Sobre o significado do mito Edênico, sobre quem somos e sobre as causas da angustia e ansiedade.
Somos uma união de contrários, de autoconsciência e de um corpo físico.
Emergimos da instintiva ação impensada dos animais inferiores e passamos a refletir sobre nossa condição. Foi-nos concedida a consciência de nossa individualidade e de nossa divindade parcial na criação, beleza e originalidade de nosso rosto e de nosso nome. Ao mesmo tempo e, inevitavelmente, nos foi dada a consciência do terror do mundo e de nossa própria morte e decomposição. Se há algo de constante à respeito da humanidade em todos os períodos da história, esse algo é o paradoxo que somos – nossa essência animal/humana.
Se é que se pode ‘cair para cima’, caímos na autoconsciência. Caímos ou entramos e, o fato da emergência da ignorância cômoda na natureza acarretou uma grande penalidade para raça humanal: deu-nos pavor ou angústia. Não se encontra pavor nos sub-humanos, exatamente pela razão de o animal não ser, por natureza, restringido pelo espírito – por uma identidade interior simbólica. O animal nada tem dessa identidade. Ele é ignorante e, portanto, “inocente”; mas quanto a nós outros – animais humanos somos uma “síntese de espiritual (autoconscientes) e corporal (físico) e por isso experimentamos angustia .
Quem dera pudéssemos ser um bicho ou um anjo, o que nos livraria do pavor. Quem dera pudéssemos ser totalmente desprovidos de autoconsciência ou totalmente não animais, condição que nos pouparia do terror.
Nossa ansiedade é uma função de nossa absoluta ambiguidade e de nossa completa impotência para superar tal ambiguidade e sermos francamente um bicho ou um anjo. Não podemos viver indiferentes ao nosso fado, nem podemos subjuga-lo seguramente e triunfar dele ficando fora da condição humana.

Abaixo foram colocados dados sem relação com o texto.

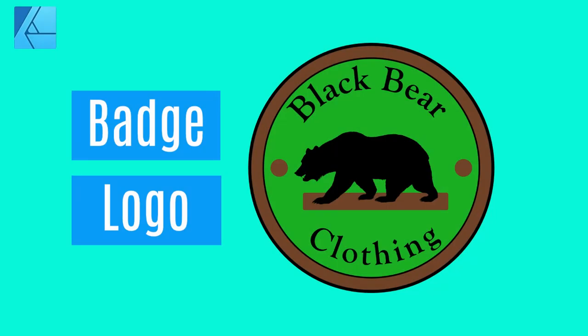Welcome to the Creative Huxa. In this tutorial you will learn how to create a simple badge logo in Affinity Designer.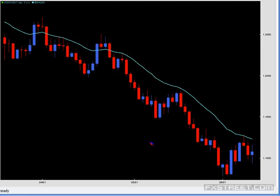Being able to understand frequency and rhythm gives you a different insight into the market because it goes beyond structure. It's talking about price's relationship to time as well — that's the other component to price action.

"Todo reino dividido contra si mesmo será arruinado, e toda cidade ou casa dividida contra si mesma não subsistirá." Mt 12:25
Nosso espírito também não pode abolir a si mesmo, isto é: nossa autoconsciência não pode desaparecer, simplesmente... Tampouco uma pessoa pode mergulhar na vida vegetativa, isto é, ser inteiramente animal. Não podemos escapar ao pavor que, tem seu verdadeiro foco, não na ambiguidade humana propriamente dita, e sim, no resultado do “julgamento da humanidade”: se Adão comer do fruto da árvore da sabedoria, Deus lhe diz: “Certamente morrerás”. Por outras palavras, o terror final da consciência de nós mesmos é o conhecimento da nossa morte – é sabermos que vamos morrer que é nossa sentença peculiar no reino animal. Este é o significado mito do Jardim do Éden: que a morte é a maior e peculiar angustia de cada um de nós.